Breaking News

Walikota Palmarine Senegal Harapkan Kerjasama Sister-City Dengan Kota-kota di Indonesia

MWawasan.Senegal~ Walikota Palmarine, Goerge Faye, kepada Dubes RI Dakar, Mansyur Pangeran, menyatakan bahwa Indonesia adalah negara yang sudah maju di berbagai bidang. Oleh karena itu, Walikota George Faye mengharapkan dibentuknya kerjasama Sister City antar kota Palmarine dengan kota setara di Indonesia dalam rangka menjalin kerja sama di bidang teknologi pertanian, pengelolaan sumber-sumber kelautan, pendidikan dan pariwisata.

Pernyataan itu disampaikan oleh Walikota George Faye pada saat kunjungan kerja Dubes Mansyur Pangeran ke wilayahnya dalam rangka menjajaki dan menggarap kerja sama ekonomi dan perdagangan di luar kota Dakar.


Walikota George Faye dalam sambutannya menyatakan pihaknya sangat mengharapkan kedatangan Dubes RI ke wilayahnya untuk berdialog di berbagai hal terutama kemungkinan diadakannya kerja sama di bidang ekonomi antara wilayah Palmarine dengan Indonesia yang dinilainya sudah maju di bidang ekonomi dan industri.


Ditambahkannya, di wilayah Palmarine terdapat beberapa potensi ekonomi yang saat ini belum dikembangkan secara maksimal pengolahannya dan mengharapkan kerja sama dengan pihak Indonesia. Pengelolaan sumber daya alam di Palmarine dilakukan secara mandiri oleh penduduk Palmarine melalui sebuah komite yang mengatur kerja sama Internasional. Dengan demikian, Palmarine dapat berhubungan langsung dengan pelaku ekonomi dari negara lain.

Dubes Mansyur Pangeran dalam sambutannya menyatakan bahwa tujuan kunjungannya adalah untuk menjalin kerja sama ekonomi dan perdagangan dengan memperkenalkan Indonesia dan mempromosikan berbagai produk nasional Indonesia dalam rangka menggarap pasar domestik wilayah itu serta untuk mengetahui potensi daerah tersebut yang kaya akan hasil alamnya terutama produk kelautan.


Dubes Mansyur Pangeran menjelaskan bahwa saat ini hubungan kerja sama ekonomi dan perdagangan Indonesia dengan Senegal sudah terjalin cukup baik namun masih perlu ditingkatkan. Banyak barang-barang produksi Indonesia yang sudah masuk ke Senegal mulai dari produksi peralatan rumah tangga, tekstil, garment, produk makanan, furniture, rotan dan bambu, elektronik, alas kaki, alat-alat kosmetik, sampai pada hasil produk teknologi tinggi seperti 2 pesawat CN-235 yang telah dibeli oleh Senegal.


Dubes Mansyur menawarkan kiranya para pemuda pelajar di wilayah Palmarine ini dapat memanfaatkan tawaran beasiswa yang diberikan oleh Pemerintah RI yaitu Darmasiswa untuk program budaya dan bahasa dan beasiswa KNB untuk program pasca sarjana selama dua tahun.

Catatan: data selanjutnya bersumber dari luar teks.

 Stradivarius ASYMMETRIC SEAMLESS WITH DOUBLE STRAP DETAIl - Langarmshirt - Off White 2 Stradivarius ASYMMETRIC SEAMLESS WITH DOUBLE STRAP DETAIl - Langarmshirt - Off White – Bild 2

Karena selama ini hanya sedikit sekali pelajar dari Senegal yang mengikuti kedua program tersebut karena permasalahan utama adalah bahasa yang digunakan selama pendidikan bahasa Inggris sementara di Senegal menggunakan bahasa Perancis.

Sebagai bentuk tindak lanjut dari pertemuan ini, Walikota Palmarine George Faye akan mempertemukan Dubes RI Dakar dengan Menteri/Sekretaris Kantor Kepresidenan Senegal (yang berasal dari wilayah ini) di Palmarine untuk untuk membahas kerja sama konkrit di bidang ekonomi perdagangan di Palmarine.

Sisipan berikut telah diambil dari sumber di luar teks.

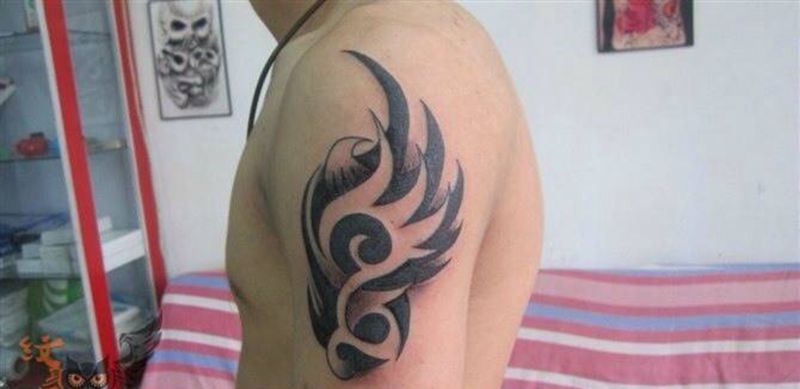 图腾纹身图片_图腾传统肩部成品纹身图案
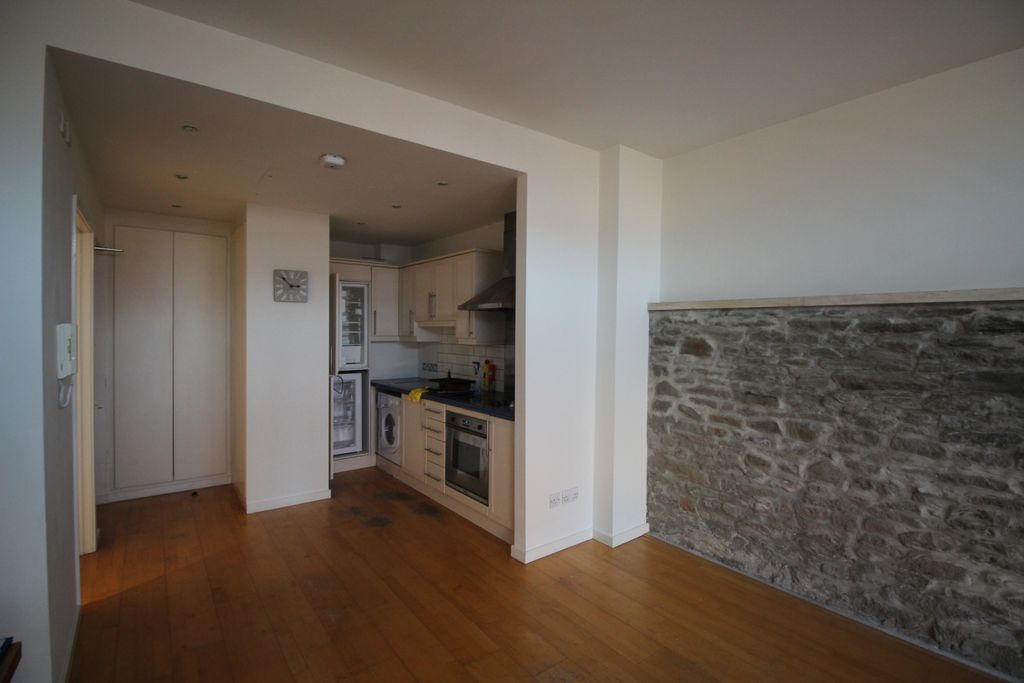 Property photo 3 of 7 Gallery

Kota Palmarine yang terletak di Region Fatick di bagian utara Senegal dengan penduduk sebanyak 10.000 orang merupakan salah satu kawasan wisata yang cukup unik dan merupakan kota penghasil garam terbesar di Senegal. Hal ini dapat dilihat dari banyaknya tambak-tambak garam di sepanjang kawasan Palmarine yang proses pengolahannya dilakukan secara tradisional. 

Objek wisata yang ditonjolkan di kota Palmarine ini adalah keindahan alam, khususnya pantai-pantai yang menjorok ke laut dan sejumlah delta pasir putih yang indah, berbagai jenis burung seperti pelikan, flamingo, bangau putih, elang laut, taman hutan bakau yang menghiasi sepanjang pinggiran pantai serta taman pohon baobab terbesar di Senegal. Selain itu, terdapat pula rumah-rumah pohon yang dibuat di atas pohon baobab dengan pemandangan yang sangat indah.